A blog by Bob Rich. Squirrel Hunting, Henry Rifles, Reloading, Range Shooting and More!


Saturday, October 25, 2008

A slow morning before the storm

The weather forecast said that a storm was going to hit at noon, so I kept my fingers crossed that the rain would hold off for the morning hunt and headed for the fields. It's difficult to see much this time of year before 7am, so I took my time getting out this morning. With the storm coming in, it was dark and cloudy, which delayed the morning light even longer. By 7:15 it was just bright enough to target a squirrel through my scope, so I put my gear on and headed out. The parking area was just about full, which means that there were near 20 vehicles; most containing multiple hunters and their dogs. I was expecting the same war-zone experience as opening day, so instead of taking my usual path, I hit another area first where I had seen and taken rabbits in the past. By the time I arrived in the area, there were already 3 trucks parked along the path, so the chances of catching a rabbit off guard were zero. Hunting with the scoped 17HMR pretty much requires that I spot a rabbit at a distance before it sees me. If I kick it out of the brush, it would be a very lucky shot to be able to roll one. Since rabbit hunting was now impossible, I turned off the path and swung into an area where I rarely see anything, though about a month ago I nailed one in this area. I was surprised that within minutes I spotted 2 big, beautiful squirrels about 100 yards out, but they had already spotted me. They ran full out so I took 2 quick shots and missed. I really didn't expect to hit them, but after that shot I made last week it was worth a try. Luck wasn't with me today.

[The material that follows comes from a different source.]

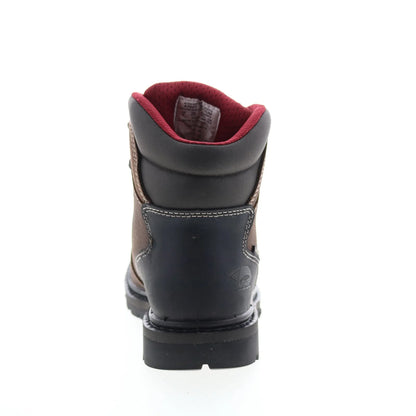 Avenger Hammer Soft Toe Electrical Hazard Waterproof Mens Brown Work Boots
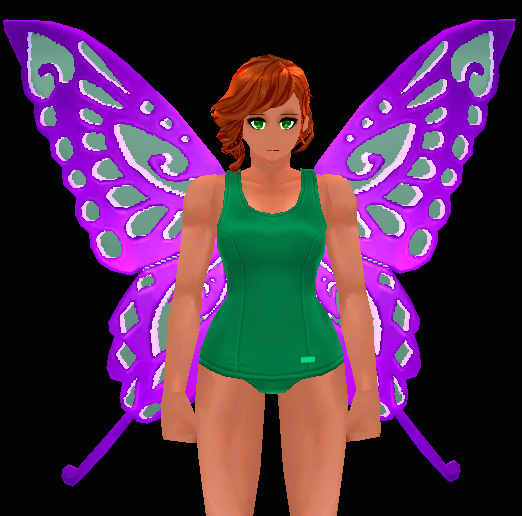 Fuschia Butterfly Wings Equipped Front.png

Next I headed into another area that I rarely hunt. It's the place where I saw a woodchuck climb out of a tree during the summer. Within a few minutes I spotted a squirrel that went behind a tree trunk, not giving me a shot. I crept closer and took a seat in the grass. Within a few minutes either the same squirrel or another came running around another tree trunk. This time I was ready, acquired my target and fired. The squirrel dropped with a shot to the head, but somehow locked onto a branch and wouldn't fall. I had to hit it with a second shot to drop it. When I took this photo, I covered it with leaves to hide the mess. That was the last squirrel I saw all morning. The number of shotgun blasts I heard over the next 3 hours could have been counted on one hand. I talked to a couple of very nice pheasant hunters and both were discouraged and neither had seen anything. As I was getting into my Jeep to leave, the DEP truck arrived with a load of birds to release.

Though Pheasant season is open until January 12, very few hunters will be out once the first snow falls. I don't believe the state continues to stock the fields through the entire season, so once the stocking stops, bird hunting generally does as well. That's when squirrel hunting season really begins.